• Supplied information:
=== Begin Enclosure ===
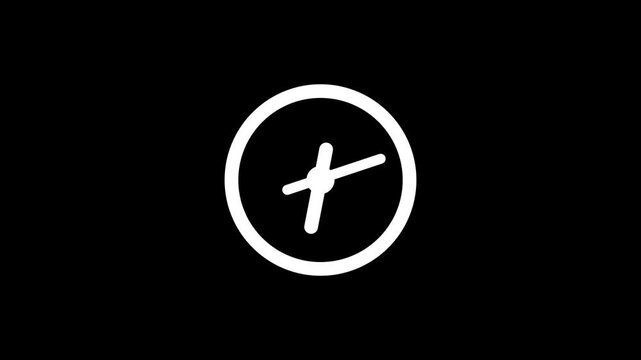 Circular compass icon rotates through cardinal directions on a black background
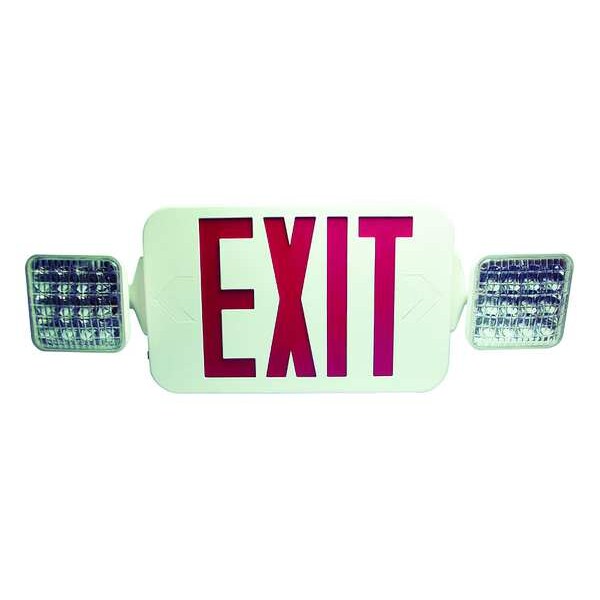 Fulham Exit Sign with Emergency Lights, White, 1 or 2 Face(s), LED, Universal Mount, Nickel Cadmium - FHEC33WR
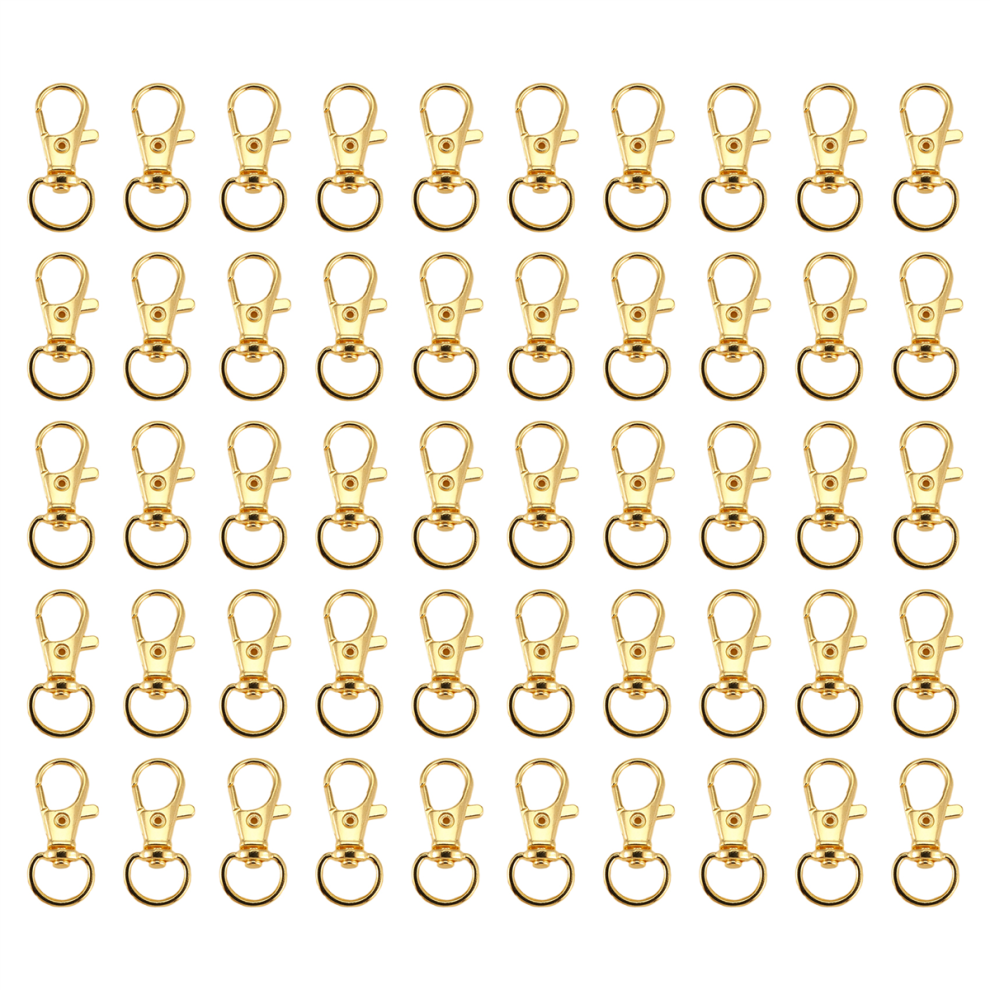 50 Pcs Swivel Clasps Lanyard Snap Hook, Lobster Claw Clasp Gold 4853476820131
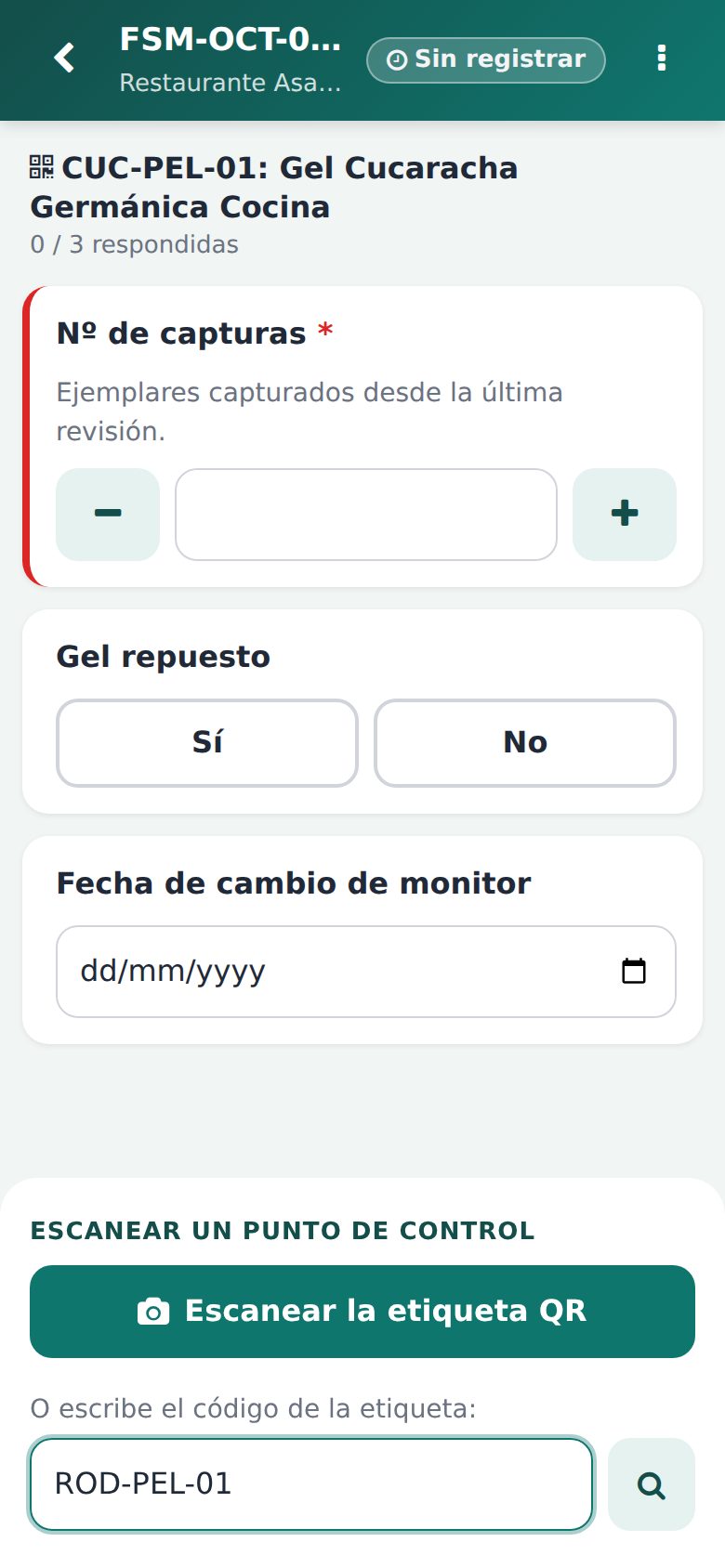 Escaneo de un punto de control (o código escrito a mano).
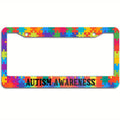 Rainbow Jigsaw License Plate Frame – Colorful Puzzle Design License Plate Frame HIP 1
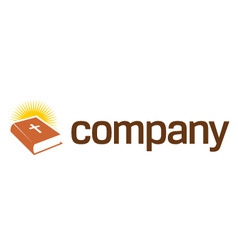 Holy book logo with cross vector image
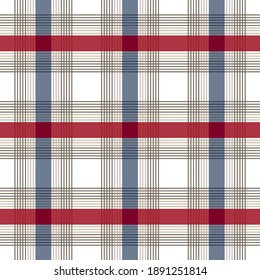 Red and blue striped rustic plaid. Tartan pattern for pillows, shirts, tablecloth, paper etc.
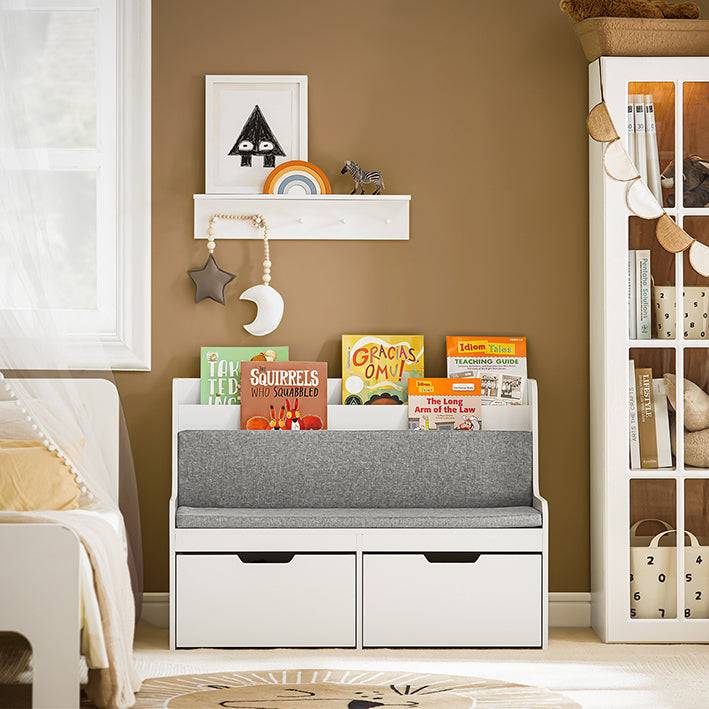 Sobuy SoBuy Kinder Sitzbank mit Bücherregal und Sitzkissen Spielzeugtruhe Aufbewahrungsbox mit Rollen Weiß KMB66-W 2025
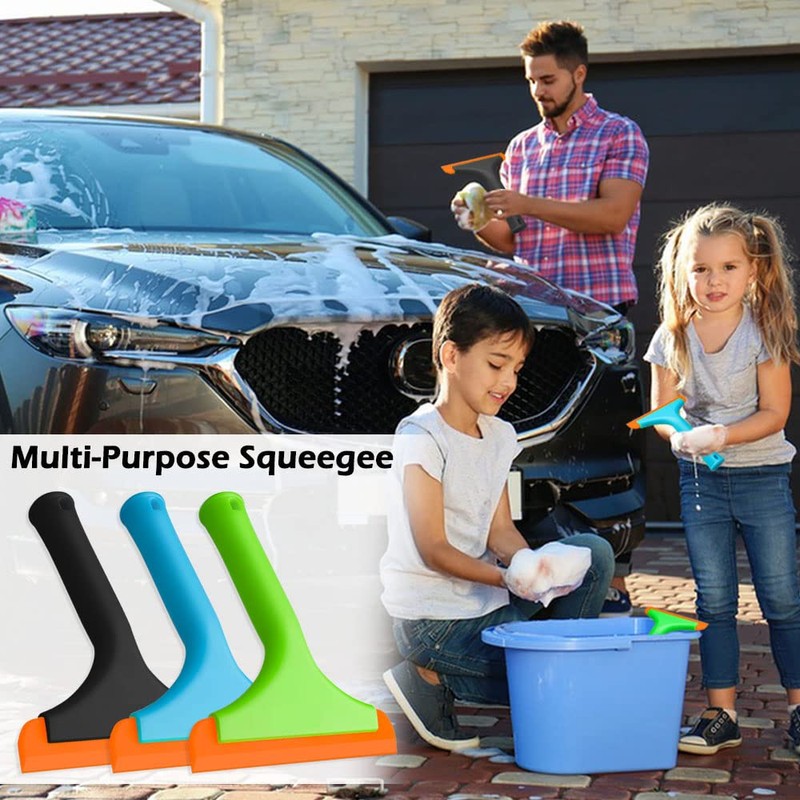 3 Pcs Flexible Silicone Squeegee, FineGood 5.9” Blade Window Squeegee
=== End Enclosure ===
• Work instruction:
An exact transcription is needed, covering the line with "Escaneo de un" and every line after it to the end of the entries, but not the pictures.

• Solution to the exercise:
 Escaneo de un punto de control (o código escrito a mano).
 Rainbow Jigsaw License Plate Frame – Colorful Puzzle Design License Plate Frame HIP 1
 Holy book logo with cross vector image
 Red and blue striped rustic plaid. Tartan pattern for pillows, shirts, tablecloth, paper etc.
 Sobuy SoBuy Kinder Sitzbank mit Bücherregal und Sitzkissen Spielzeugtruhe Aufbewahrungsbox mit Rollen Weiß KMB66-W 2025
 3 Pcs Flexible Silicone Squeegee, FineGood 5.9” Blade Window Squeegee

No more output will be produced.